Once Alses began to speak, Lu pointed his attention to the quill, notations resuming and some kind of order restored.

Parts of a Scroll

Focus Glyph
Barrier Glyphs
Trigger Glyph

Sigils - Groups of glyphs put together to create a larger purpose.


It was clear that he had vastly underestimated the Wizards of Lhavit. The effects of the Spring Storm had put a bad taste in Lu's mouth, a coppery thing like blood and memory. Nevertheless, if this kind of knowledge was a basic thing to them, as a stance might be to the fighting Shinya, he would have to train even harder. That meant some changes in his routine, but change was a necessary part of growth. Lu could hear the words as he wrote them, the trailing Djed of his Projection combined with the sensory power of the scroll made even such a simple task as taking notes exquisite.

The six-sixteen rule

A six pointed rune will react badly with a sixteen pointed one in proximity.


In a way, the Djed made the study so much easier. Once he could clear his perception of distractions, the lesson took on so many more dimensions. His teacher spoke of toxic djed, a concept that was not lost on the survivor of the storm one year ago. She spoke of simplicity, a thing very close to the Shinya's heart. He had known of other Projectors that expanded upon so many levels of the art, but he simply worked at the basics over and over again. Lu just felt as if a solid foundation guaranteed success overall.

Now she was back to it, her own skills. Her direction to observe closely came to eager ears, as if he could do much more. Placing the quill to the side with his astral hand, Lu allowed it to begin settling back into his flesh, his full observation on the task at hand. She set about creating something very different from before. Drawing was the mundane representation, though with clearer eyes, he could see a shimmering mirror-like force appearing. This was the barrier glyph, and as Alses explained her or their way of perceiving the barrier and then another example, it only gave Lu more enthusiasm as magic was truly an art, perceived by the user.

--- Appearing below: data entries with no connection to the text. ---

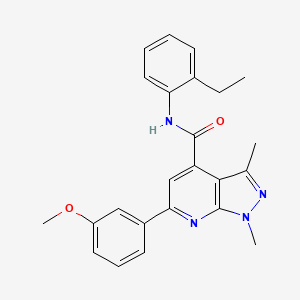 N-(2-ethylphenyl)-6-(3-methoxyphenyl)-1,3-dimethyl-1H-pyrazolo[3,4-b]pyridine-4-carboxamide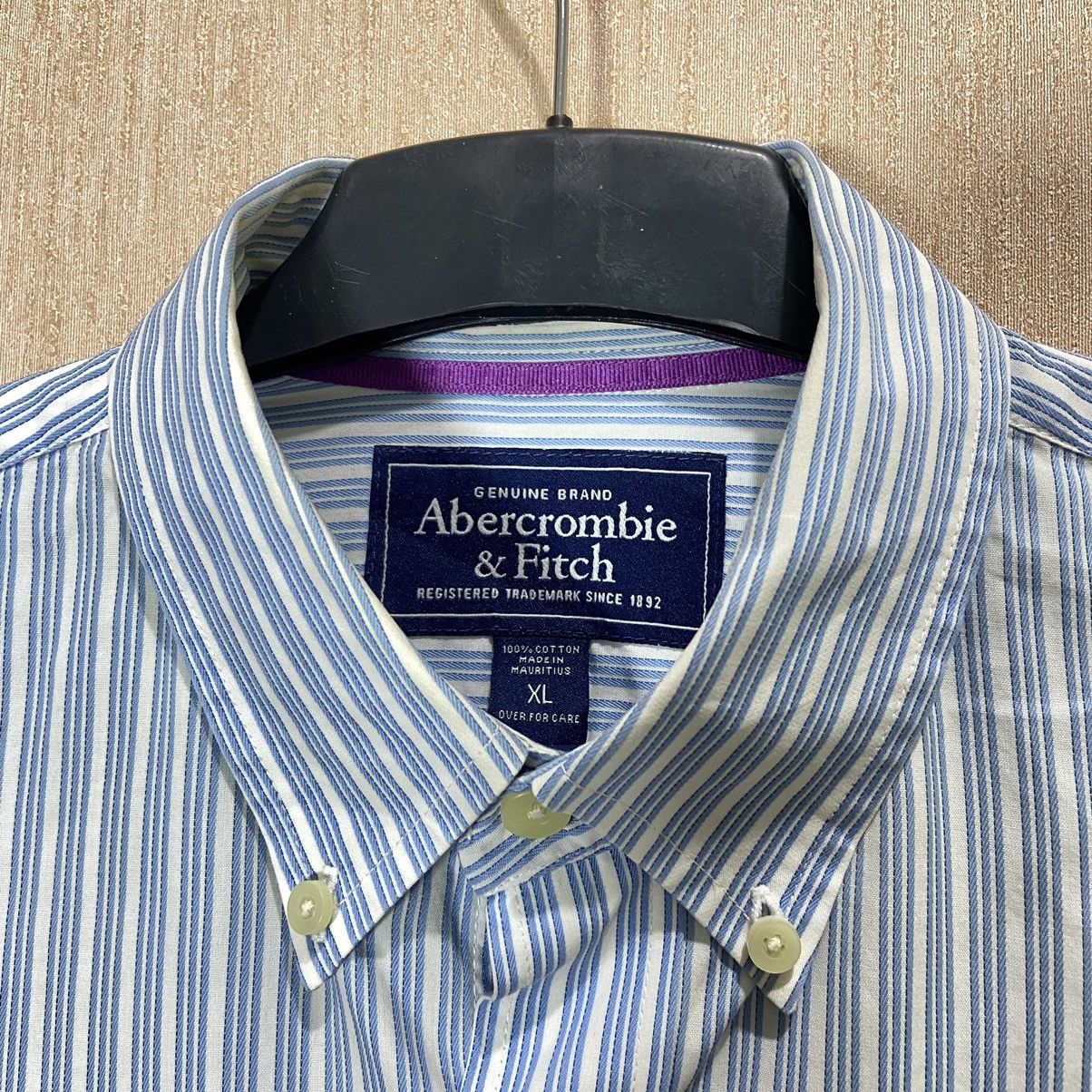 Abercrombie & Fitch Abercrombie & Fitch Striped Shirt Size US XL / EU 56 / 4 - 3 Thumbnail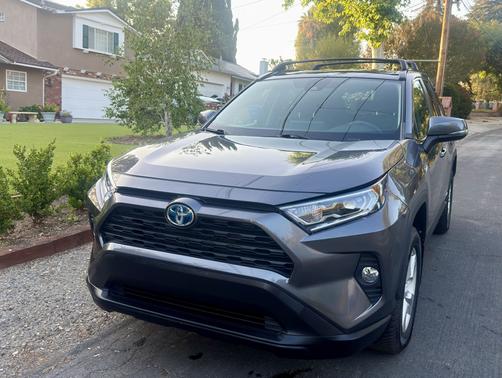 Gray 2021 Toyota RAV4 Hybrid XLE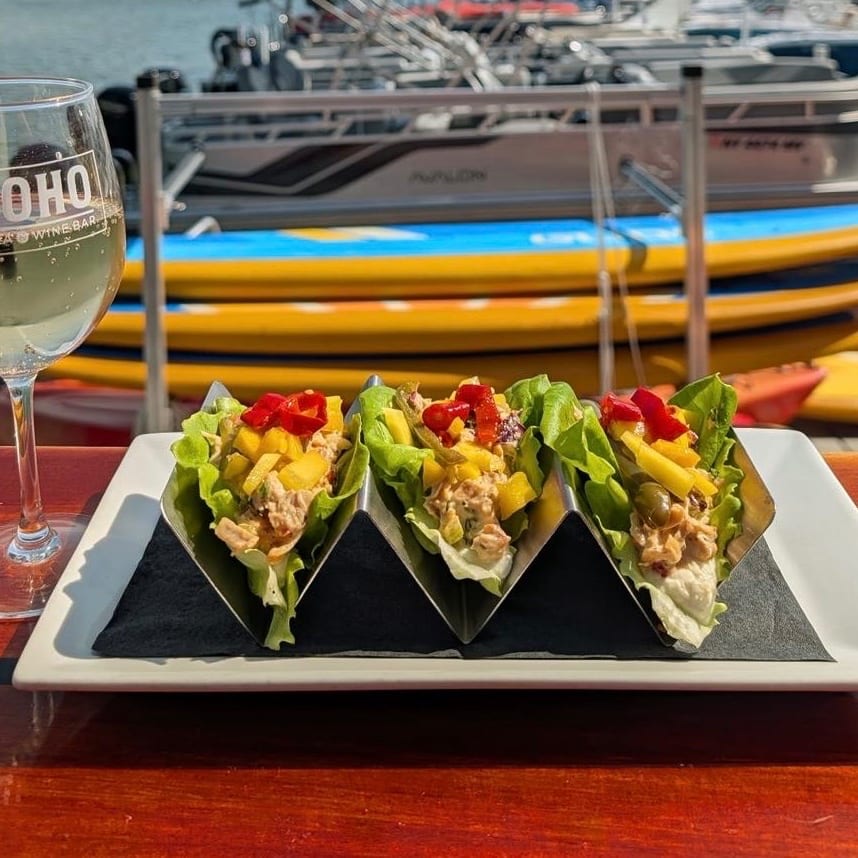 Mango Tango Lettuce Wraps.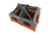Core Equipment 10 Person Straight Wall Cabin Tent, Orange/Gray, 14 x 10 ft, 40034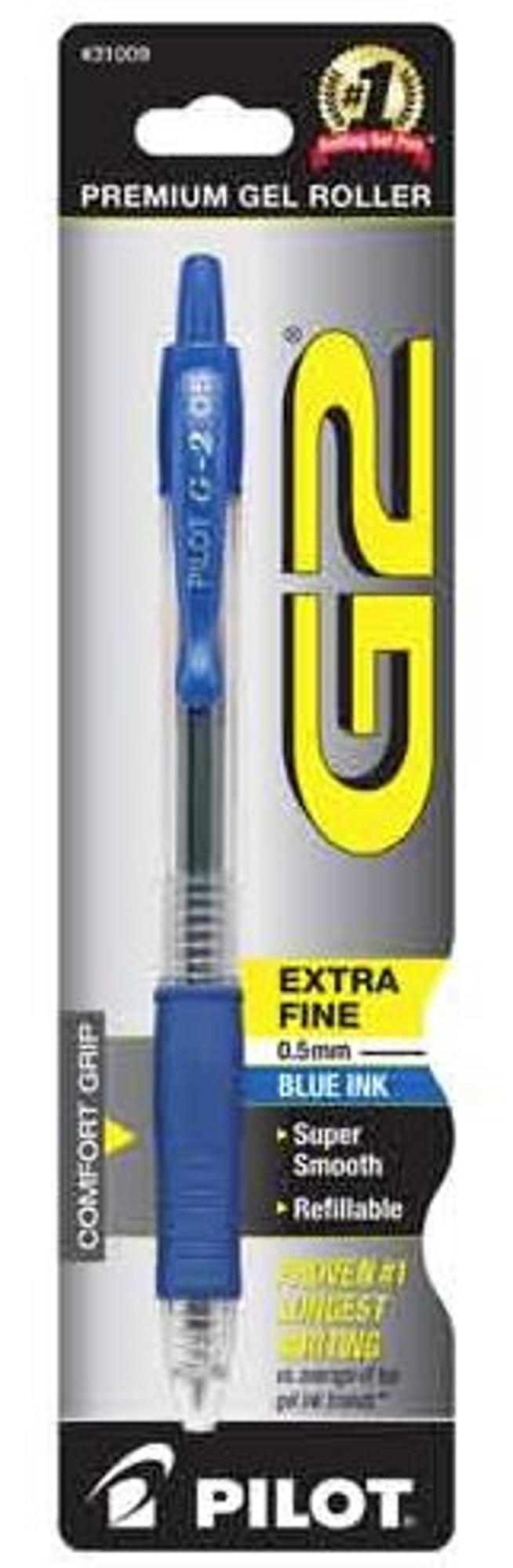 image of: G2-5 Retractable Gel Pen Extra Fine Carded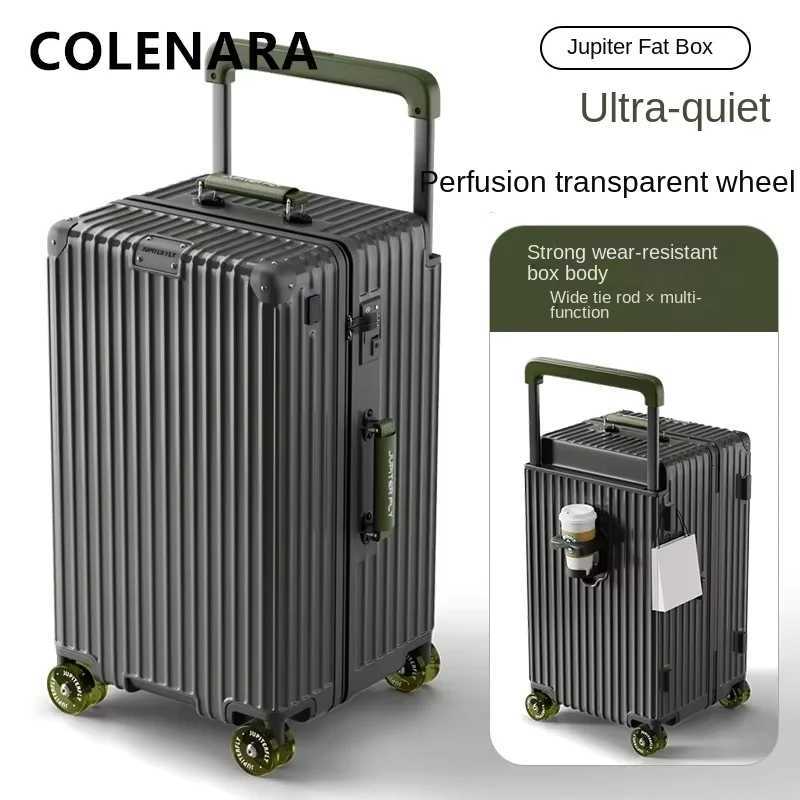 COLENARA Large Capacity Luggage Ultra Light Boarding Case ABSPC Trolley Case 202224262830 Inch with Wheel Rolling SuitcaseW251024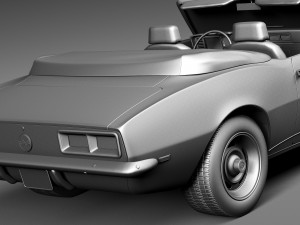 Chevrolet Camaro SS Convertible 1967 3D Model
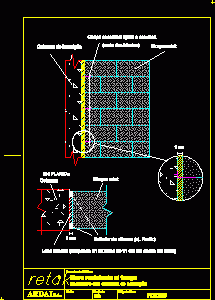 Wall Resistent Fire DWG Block for AutoCAD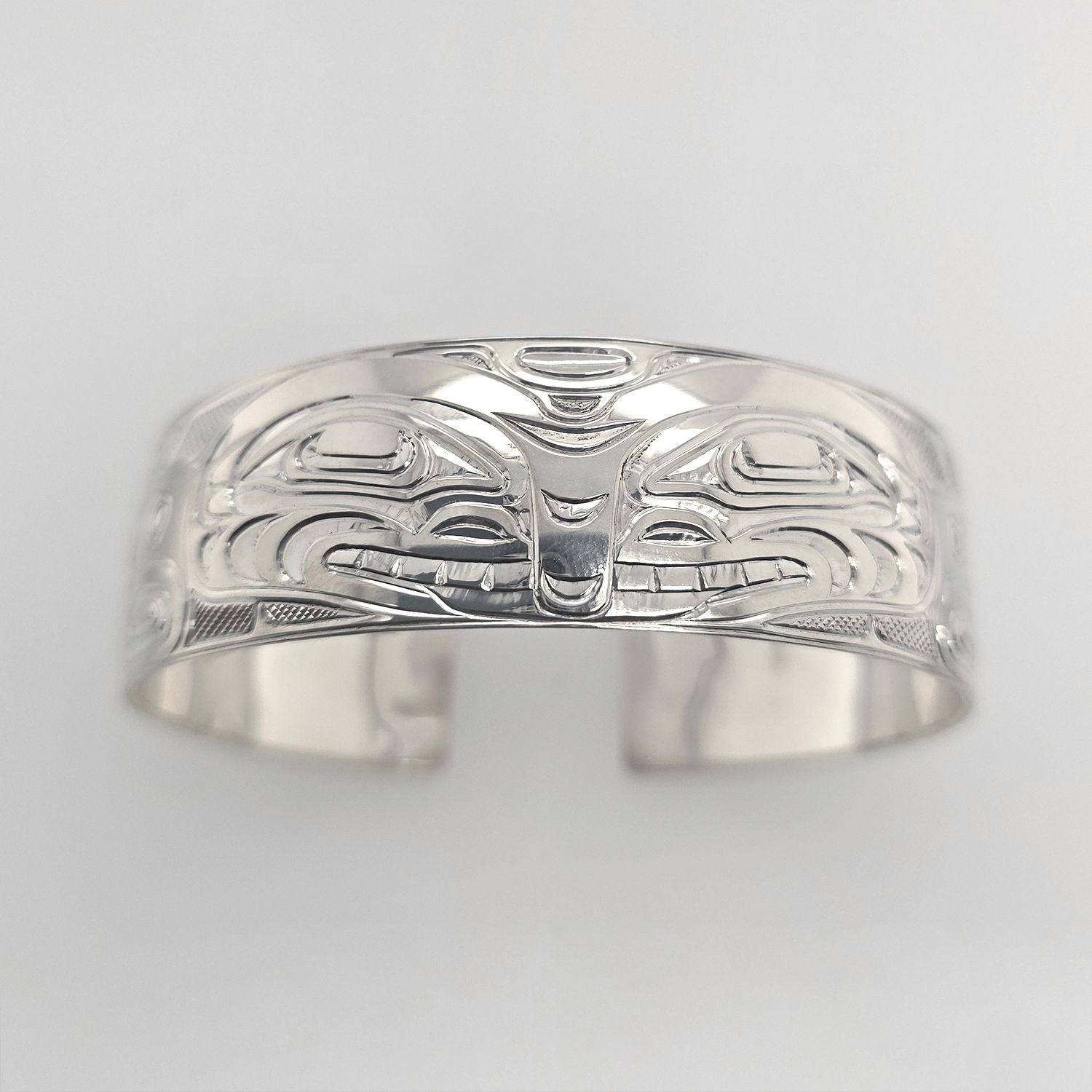 Silver Orca Bracelet by Kwakwaka'wakw artist Chris Cook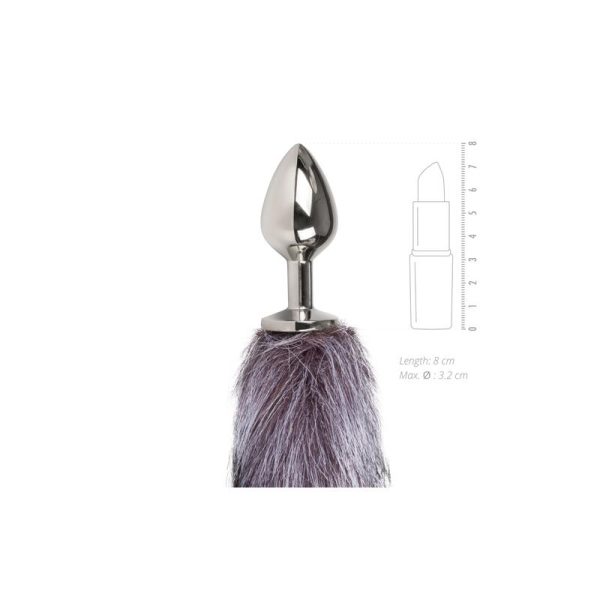 Fox Tail Plug No. 6 - Silver - Image 4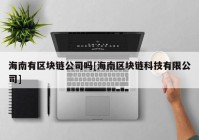 海南有区块链公司吗[海南区块链科技有限公司]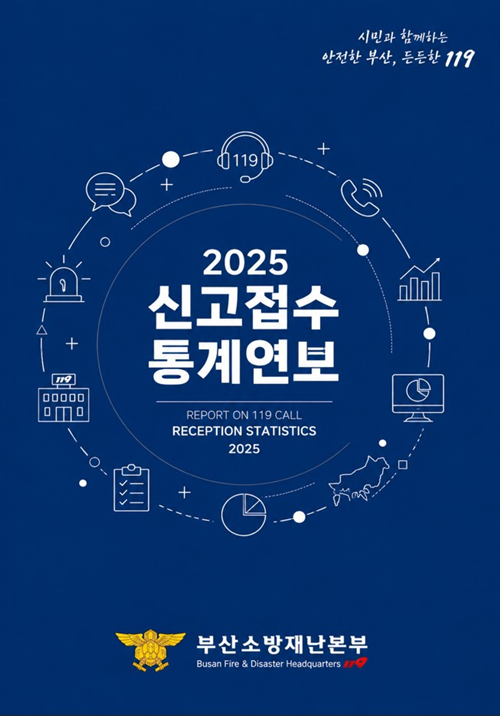 2025 신고접수 통계연보 표지.(제공=부산소방재난본부)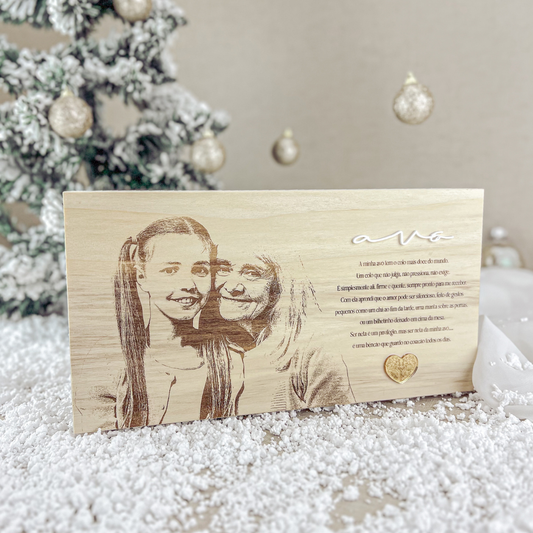 Bloco com Gravação de Fotografia “Avó” (28x15cm)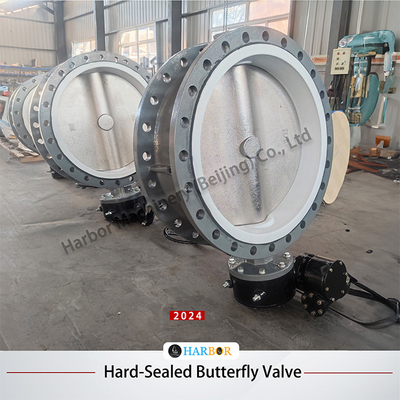 Válvula de borboleta de wafer de turbina revestida com PTFE D371F46-16C com resistência a ácidos e álcalis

Her explanation continued and he could see where she was going, especially now that he was clearly seeing what she spoke of. A repeating series of barriers, however they were crafted or conceived, would keep the djed of a focus glyph trapped inside, much as it had kept Alses' vision inside the scroll for Lu to borrow. the lesson continued, the enhanced perception of auristic bliss being used as an educational tool. He watched as the blue light flashed from her fingers once more. His sensory power caught something odd about it. It was so very pure and untarnished. Her djed being used in the glyph was one thing, but the energy which flashed and aged the ink had something else in it entirely.

Unfortunately his fixation with the cerulean essence robbed him of the attention he needed for the lesson. Trying to regain his focus, Lu watched as she masterfully crafted the antithesis of the previous attempts. hard and jagged lines worked against each other as Alses created the very six sixteen event that she had warned of prior. It's simple efficiency in destroying the barriers is what released the power of the focus. using something that was known to destroy to create. Lu felt odd. Nausea wasn't the term, but something else was in the wind.

Now she was showing him a deeper level to the runes and glyphs. The sound of her voice dominated any sound in the room, the glyph became the total of Lu's vision as desk and paper seemed to be trite props. he watched as the purposeful accident came to a head, the collision throwing a purple slime on his hand. He nodded, a clammy sweat rising as he could feel the wrongness of the toxic djed. It filled him with revulsion and he had to hook his ankles around the chair to avoid jumping back. He was relieved to have his attention was moved to another part. It was still an example of a mistake, but nothing like the djed, which made his skin twitch as he wanted to shake it away.

He pushed his attention toward the trigger but his whole self felt like it was trying to shake free of his skin now. A nagging itch he couldn't scratch, his breath becoming rapid, the room closing in on him. She was speaking further but Lu was losing the ability to focus. The room was cloudy and swimming in his vision, his eyes began to itch and tire as if he had been awake for a long time. Her voice was soothing but it also pulled him around in his own mind like a rag doll, the sensory flare of the audio finally making Lu stand and kick the chair back.

Groaning, he stood and walked half blind to the wall. It was solid and cool beneath his hands, though the tactile sensations began to weave tales of the lonely nights that had passed..."No!"..Lu shook his head violently, dropping to his knees against the wall and trying desperately to regain control. "It's too much. It's too much..." Unable to hold the reins of control any longer, tears flowed freely on the boy's cheeks, a sickly sob blurting forth.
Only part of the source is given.